There was an amateur golfer who had the lifelong ambition of playing the famous pebble beach golf course and on that one particular hole where you have to drive your ball out over the ocean to a green on a spit of land.  Now the man had some money and spent much money and time trying to achieve his dream.  He had so many times sent his ball soaring out over the ocean only to have it fall short and plop into the ocean.  Long ago he had decided to not waste a new ball on his attempts but to use an old one with cuts and scuffs.

One year he arrived again at the course to try one more time to achieve his dream.  He teed up his old battered ball and whispered a fervent prayer.  Just before he hit the ball a booming voice from the heavens said: “Wait!  Replace the ball with a brand new one.”  Somewhat hesitantly, the man did it, encouraged that the Lord seemed to be implying that his long awaited dream was finally going to be realized.  As he addressed the ball, the booming voice came again: “Wait, step back and take a practice swing.”  The man took his typical practice swing.  The voice boomed yet again: “Take another practice swing.”  He did.  After a dramatic pause, the voice spoke again: “Put the old ball back.”

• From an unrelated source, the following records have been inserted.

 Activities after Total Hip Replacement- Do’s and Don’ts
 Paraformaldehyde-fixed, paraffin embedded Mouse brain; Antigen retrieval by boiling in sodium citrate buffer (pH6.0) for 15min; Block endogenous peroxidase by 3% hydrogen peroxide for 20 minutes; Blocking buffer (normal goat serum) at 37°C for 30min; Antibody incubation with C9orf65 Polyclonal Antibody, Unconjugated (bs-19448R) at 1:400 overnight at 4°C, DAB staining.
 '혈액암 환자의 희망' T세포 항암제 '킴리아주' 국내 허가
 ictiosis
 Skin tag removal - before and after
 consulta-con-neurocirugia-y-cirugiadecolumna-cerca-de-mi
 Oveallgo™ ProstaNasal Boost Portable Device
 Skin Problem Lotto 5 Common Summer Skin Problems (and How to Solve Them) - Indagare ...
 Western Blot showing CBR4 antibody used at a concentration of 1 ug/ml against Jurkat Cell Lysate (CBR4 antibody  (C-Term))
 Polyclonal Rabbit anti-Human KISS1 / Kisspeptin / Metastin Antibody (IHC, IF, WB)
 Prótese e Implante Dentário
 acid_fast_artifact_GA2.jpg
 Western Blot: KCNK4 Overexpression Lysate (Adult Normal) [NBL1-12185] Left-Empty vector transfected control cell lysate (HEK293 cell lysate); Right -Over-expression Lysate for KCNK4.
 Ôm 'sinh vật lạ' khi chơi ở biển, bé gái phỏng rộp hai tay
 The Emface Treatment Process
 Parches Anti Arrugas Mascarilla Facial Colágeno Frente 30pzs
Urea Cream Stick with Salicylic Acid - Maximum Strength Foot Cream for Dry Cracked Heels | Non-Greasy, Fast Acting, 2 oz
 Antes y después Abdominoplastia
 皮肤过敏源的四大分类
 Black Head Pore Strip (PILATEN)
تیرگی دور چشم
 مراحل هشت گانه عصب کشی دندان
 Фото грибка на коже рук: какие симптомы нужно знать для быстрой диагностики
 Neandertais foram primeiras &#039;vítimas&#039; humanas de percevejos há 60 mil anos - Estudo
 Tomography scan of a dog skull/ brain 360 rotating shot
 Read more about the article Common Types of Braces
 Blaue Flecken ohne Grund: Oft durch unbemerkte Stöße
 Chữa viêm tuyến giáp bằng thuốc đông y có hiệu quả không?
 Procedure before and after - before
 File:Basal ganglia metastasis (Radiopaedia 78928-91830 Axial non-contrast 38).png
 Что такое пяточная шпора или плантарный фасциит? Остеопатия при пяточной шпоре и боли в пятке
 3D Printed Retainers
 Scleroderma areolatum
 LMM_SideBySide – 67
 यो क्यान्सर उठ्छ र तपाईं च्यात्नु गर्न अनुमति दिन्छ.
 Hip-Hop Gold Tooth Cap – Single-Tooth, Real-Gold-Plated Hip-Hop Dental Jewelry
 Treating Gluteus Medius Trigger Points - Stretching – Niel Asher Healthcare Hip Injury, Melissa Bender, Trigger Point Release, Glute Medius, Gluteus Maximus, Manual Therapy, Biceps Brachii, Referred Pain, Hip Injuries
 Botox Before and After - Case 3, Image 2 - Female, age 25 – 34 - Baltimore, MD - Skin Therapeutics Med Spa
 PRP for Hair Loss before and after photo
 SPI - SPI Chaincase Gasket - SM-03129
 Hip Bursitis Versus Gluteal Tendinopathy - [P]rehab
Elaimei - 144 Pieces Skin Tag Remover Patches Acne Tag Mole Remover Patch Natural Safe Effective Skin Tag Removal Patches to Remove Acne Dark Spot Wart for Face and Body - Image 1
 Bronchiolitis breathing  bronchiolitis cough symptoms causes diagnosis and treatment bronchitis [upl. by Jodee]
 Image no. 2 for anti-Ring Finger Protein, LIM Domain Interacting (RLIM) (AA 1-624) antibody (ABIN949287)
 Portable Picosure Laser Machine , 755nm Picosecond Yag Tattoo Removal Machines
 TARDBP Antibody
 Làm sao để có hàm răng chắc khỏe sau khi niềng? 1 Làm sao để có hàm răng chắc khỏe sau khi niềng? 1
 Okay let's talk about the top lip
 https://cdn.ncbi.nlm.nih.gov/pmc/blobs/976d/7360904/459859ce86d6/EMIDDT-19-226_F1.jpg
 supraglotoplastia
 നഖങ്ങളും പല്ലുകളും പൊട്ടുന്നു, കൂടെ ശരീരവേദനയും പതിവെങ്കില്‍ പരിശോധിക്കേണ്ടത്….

The divine presence in this joke comes across a bit heartless in deflating the golfers ambition.  In today’s Gospel, Jesus is not amused at all with the ambition displayed by his disciples, and his rebuke is immediate and stern.  What makes their glory-seeking so irksome is that it comes right after Jesus had spoken about his own impending humiliation and suffering.  Didn’t they hear what he said?  The message is that following Jesus inevitably involves suffering and service, leaving no room for pretension or self-promotion.

The life, message and mission of Jesus challenges our petty human ambitions.  Thomas a Kempis wrote a long time ago: “Man proposes but God disposes.”  We may set out with the best of intentions to be good Christians, but if we think we get to do that simply on our terms, we are in for a rude awakening.  Our tendency is to find the path of least resistance.  Yet in following Jesus, resistance and opposition may, at times, actually be the surest sign that we are on the right track.

Jesus’ chief criterion for greatness in his kingdom is the willingness to be of service to others.  Jesus’ rag tag group of apostles existed long before there was any thought of pope, bishops, deacons.  What were they looking for in terms of who is the greatest or most important?  Jesus would probably agree with what Robert Frost once wrote: “By faithfully working eight hours a day, you may eventually get to be boss – and work twelve hours a day.”  The reward program of Christianity is the privilege of being able to serve.

All three of our readings today speak to our call as Christians to be willing and ready to serve and to realize that sometimes we are going to face opposition and criticism.  Our world is filled with people of ambition who are out to make their importance felt by others.  Many people work extremely hard to climb the ladder of success and to impress people with their importance.  However, in God’s eye, after all their efforts to climb that ladder, they may find the ladder is leaning against the wrong wall.

May we, in our lives as Christians and Catholics, be anxious and faithful in following our call to be of service to others, no matter how small, so that when we come to the end of our journey, we may find our ladder of success is leaning against the right wall.